• [Required action] Reproduce the full listing below unchanged, apart from the pictures.

• [Record excerpts]
━━━━━━━━
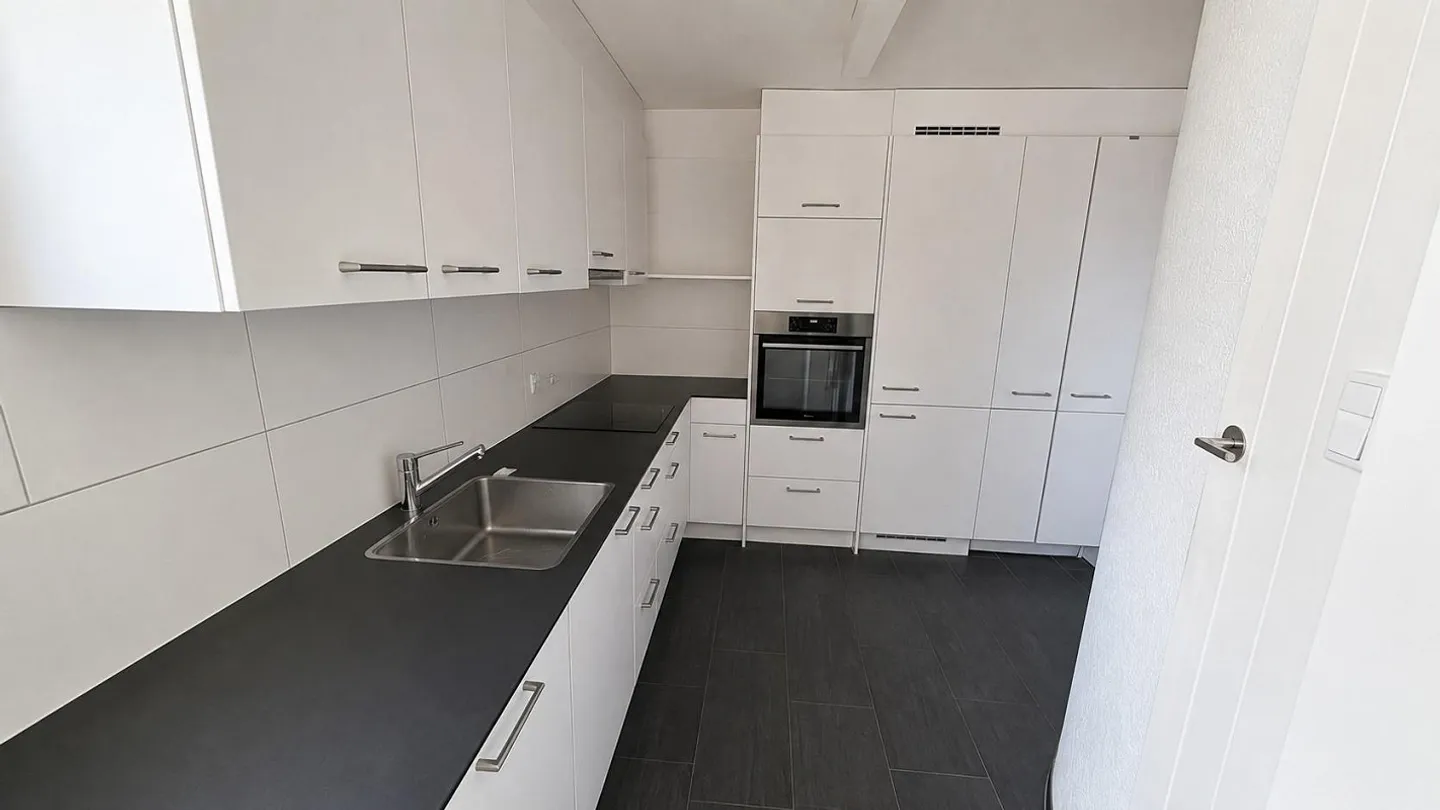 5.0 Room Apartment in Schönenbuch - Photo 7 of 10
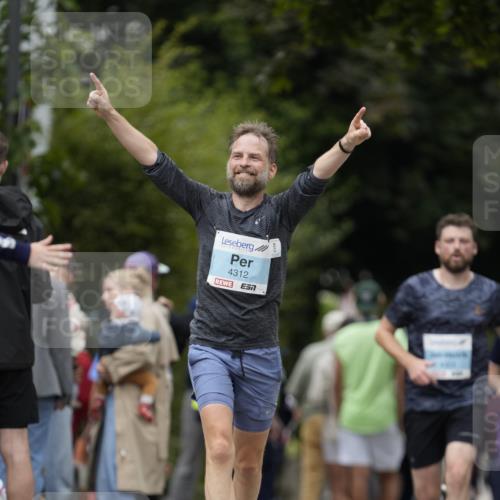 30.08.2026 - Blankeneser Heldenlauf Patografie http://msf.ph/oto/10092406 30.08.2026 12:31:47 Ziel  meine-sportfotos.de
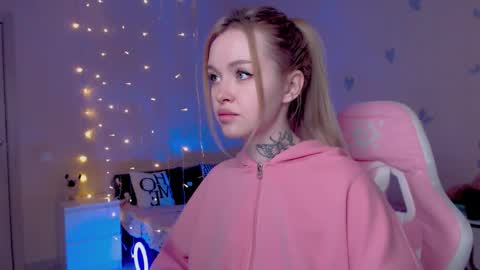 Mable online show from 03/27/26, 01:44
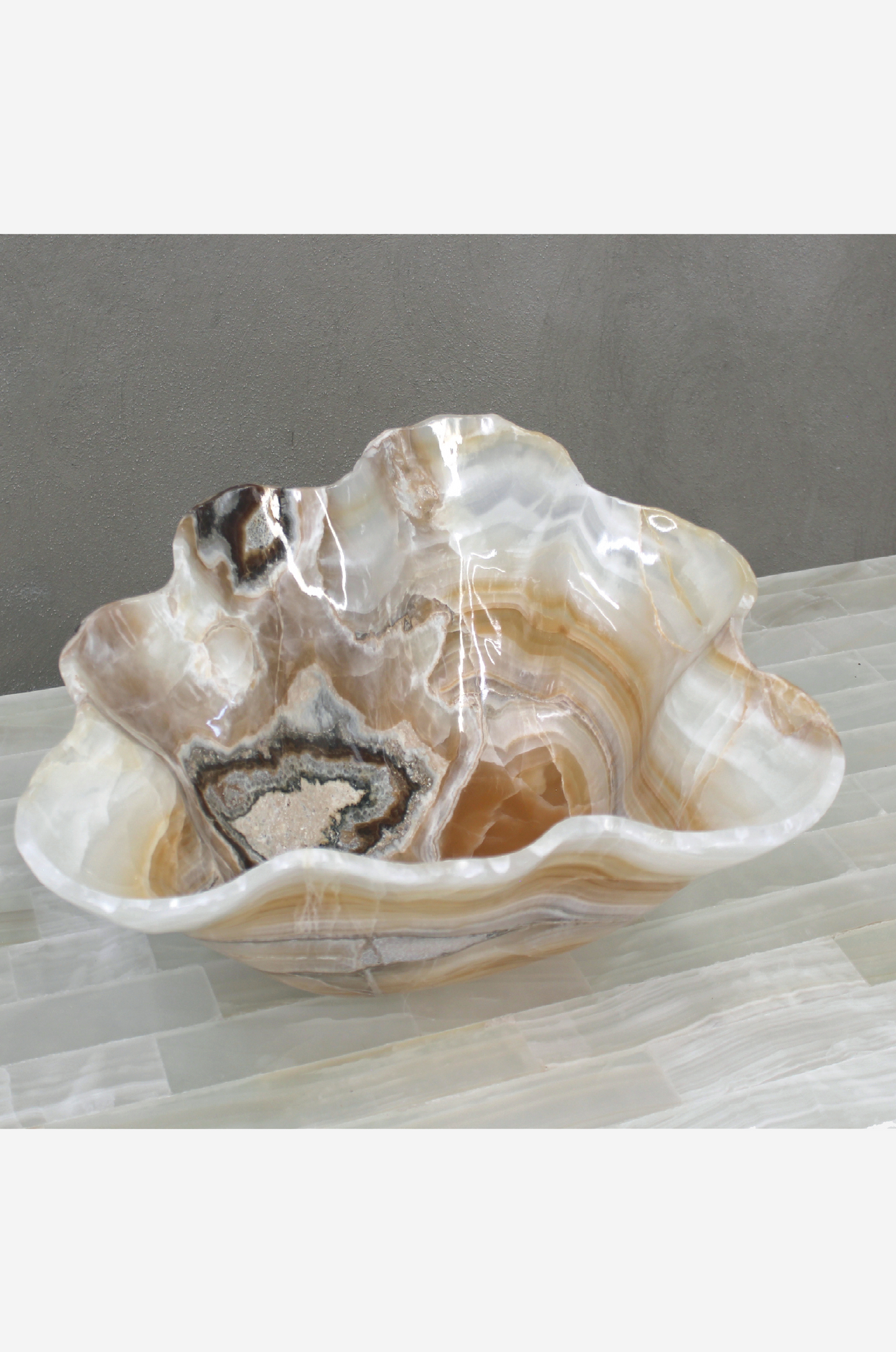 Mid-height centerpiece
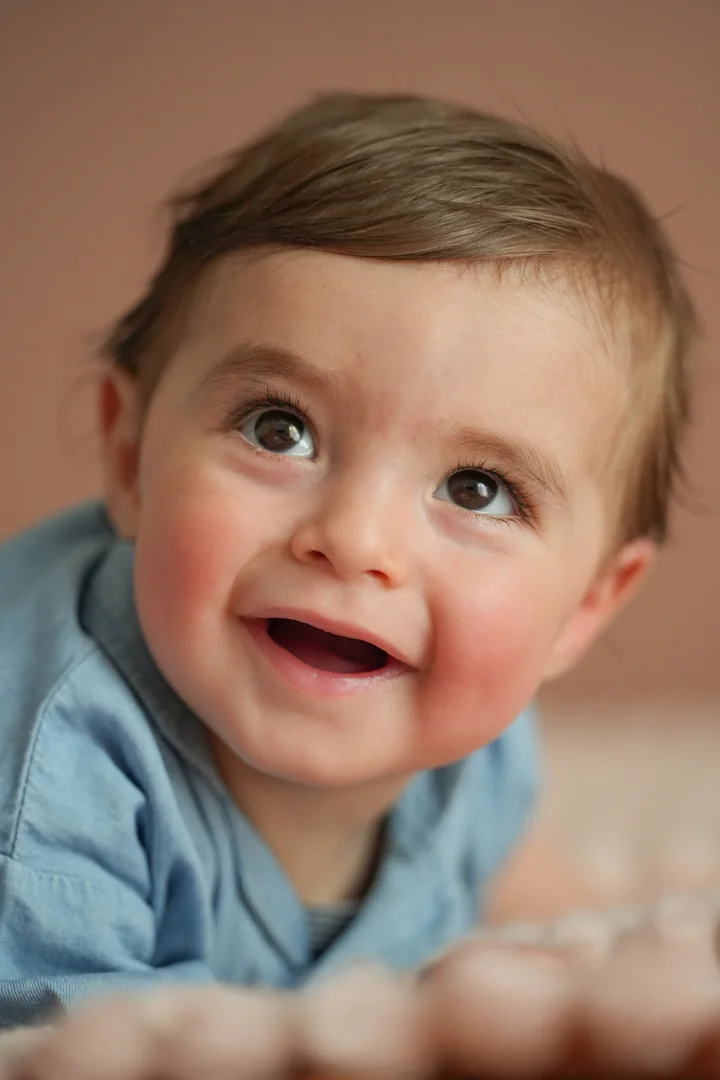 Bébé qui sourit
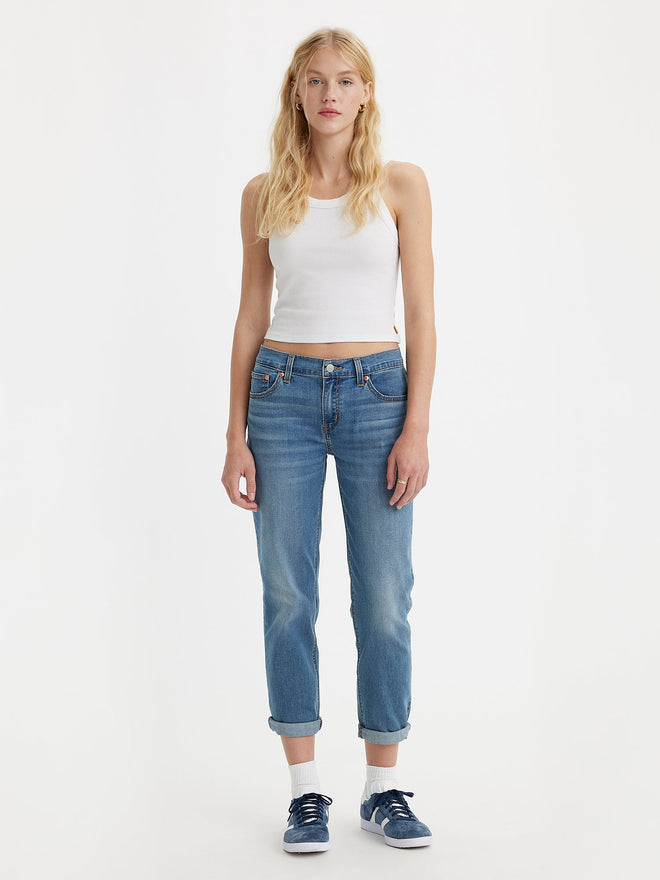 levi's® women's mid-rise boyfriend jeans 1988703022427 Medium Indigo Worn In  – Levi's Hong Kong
━━━━━━━━
• [Result of the exercise]
 5.0 Room Apartment in Schönenbuch - Photo 7 of 10
 30.08.2026 - Blankeneser Heldenlauf Patografie http://msf.ph/oto/10092406 30.08.2026 12:31:47 Ziel  meine-sportfotos.de
 Mable online show from 03/27/26, 01:44
 Mid-height centerpiece
 Bébé qui sourit
 levi's® women's mid-rise boyfriend jeans 1988703022427 Medium Indigo Worn In  – Levi's Hong Kong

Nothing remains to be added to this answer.